Dave Fuller, owner of Ave Maria Specialties, a "holistic health" store that carries Truehope products, seems to give nothing but a shoulder shrug with respect to the Stephans' actions.  "Who am I to say that just because something happened that was an accident the guy regrets — his son died — that he shouldn't have a job?" Fuller said.

Let's be clear here.  This was not an accident.  Bacterial meningitis is a horrible disease, but caught early enough, is treatable.  This couple deliberately ignored their little boy's increasingly severe symptoms in favor of quack "remedies," rejecting modern medicine for alt-med bullshit.  And as a result, their child died.

Unfortunately, this abandonment of science in favor of pseudoscience is becoming increasingly common.  The medical researchers are labeled as shills for "Big Pharma," and their data is rejected as inaccurate or outright fabrication, designed to "keep us buying drugs" or "keep us sick," and any information about low efficacy or side effects is allegedly covered up.

In fact, we're one of the healthiest societies the world has ever seen.  Most of the diseases that killed our great-grandparents' generation are now unheard of (how many people do you know have had diphtheria?).  And yet there are people who want to reject everything that modern medical research has given us in favor of the same kinds of remedies our ancestors used -- that didn't work very well back then, and still don't work now.

It's this same idea that is driving Donald Trump's links to the anti-vaxx movement, most recently his request of a meeting with Robert F. Kennedy, Jr., an anti-vaxxer who hides behind the "we just want safe vaccines" half-truth -- and Kennedy is now apparently going to head up a "vaccine safety board" to further investigate such nonsense as the link between vaccines and autism, which has been studied every which way from Sunday and always results in no correlation whatsoever.

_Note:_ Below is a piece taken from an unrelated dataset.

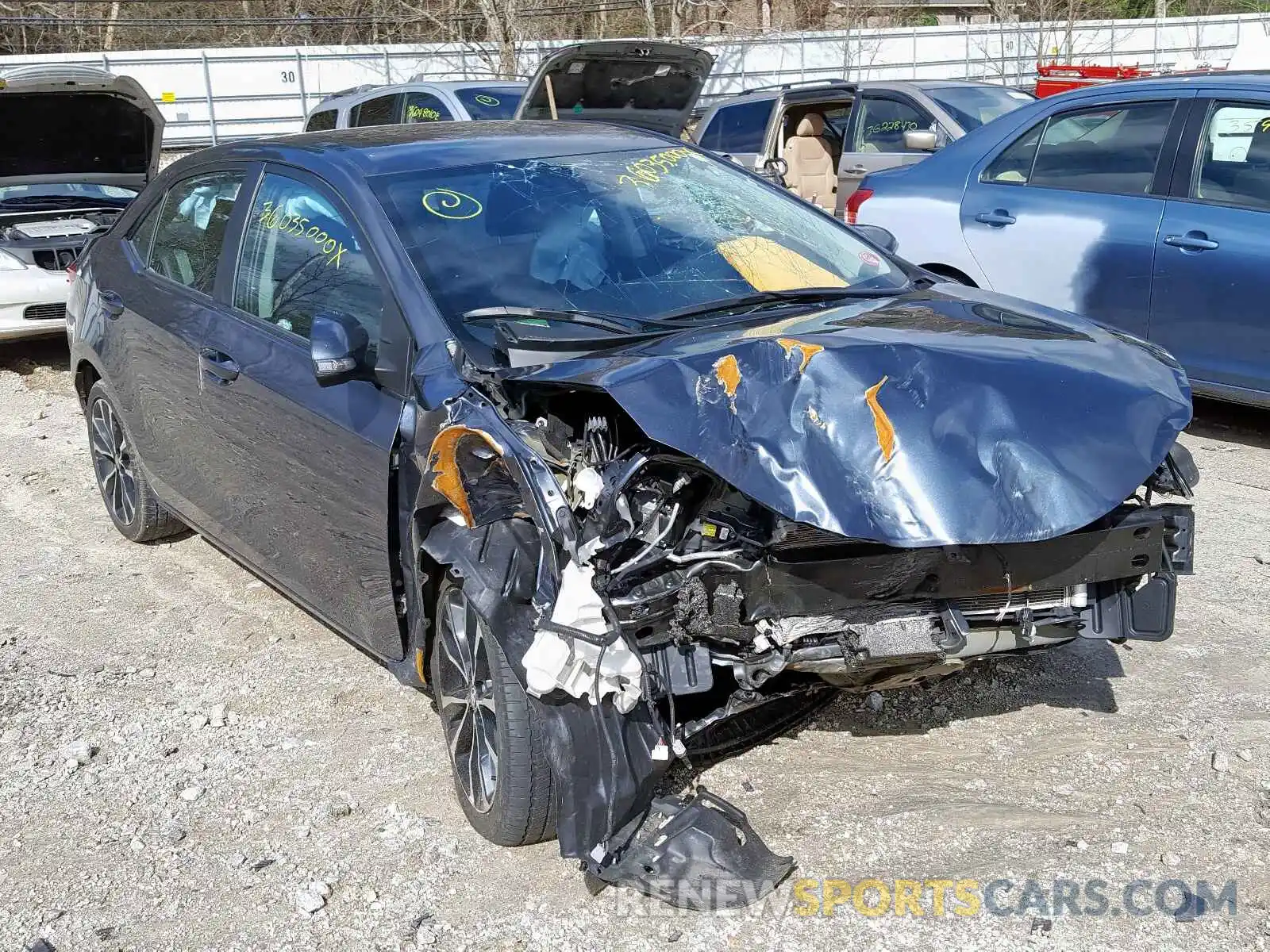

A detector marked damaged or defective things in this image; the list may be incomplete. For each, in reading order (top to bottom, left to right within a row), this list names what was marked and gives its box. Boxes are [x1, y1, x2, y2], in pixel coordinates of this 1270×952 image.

shattered windshield [365, 143, 902, 333]
damaged toyota corolla [69, 119, 1200, 908]
crumpled hood [511, 284, 1194, 543]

All of this gives the impression that we need oversight because at the moment vaccines and other medications are simply thrown out willy-nilly by the medical researchers with no vetting at all, and that now we'll finally have someone making sure we're protected from the evils of Big Pharma.  Of course, nothing could be further from the truth; there is already the Advisory Committee for Immunization Practices (which has been around for fifty years) which oversees the testing and evaluation of vaccines and provides data to the CDC regarding efficacy and potential side effects.  The same is true for other medications; there is a rigorous set of tests each drug has to undergo, first on animal models and then (if they look promising) on human volunteers, before they are approved by the FDA.

That doesn't mean the process is foolproof.  Humans are fallible, data can be misinterpreted, experiments can fall prey to unintended sample bias.  There's no doubt that the profit motive in the pharmaceuticals and health insurance industries has led to price inflation for medications.  But the drugs themselves are, by and large, safe and effective, and sure as hell are better than horseradish extract for treating meningitis.

But the step from "the system has some flaws and could use reform" to "reject all modern medicine in favor of roots and berries" is all too easy a step for some people, and in the case of the Stephans, it resulted in their son's death.  And, more appallingly, they're still hawking the same stuff despite a very real test case establishing that it's worthless.

The bottom line: science isn't perfect, but as a means of determining the truth, it's the best thing on the market.  And also, the trenchant comment from Tim Minchin's performance piece "Storm:"  "There's a name for alternative medicine that works.  It's called... medicine."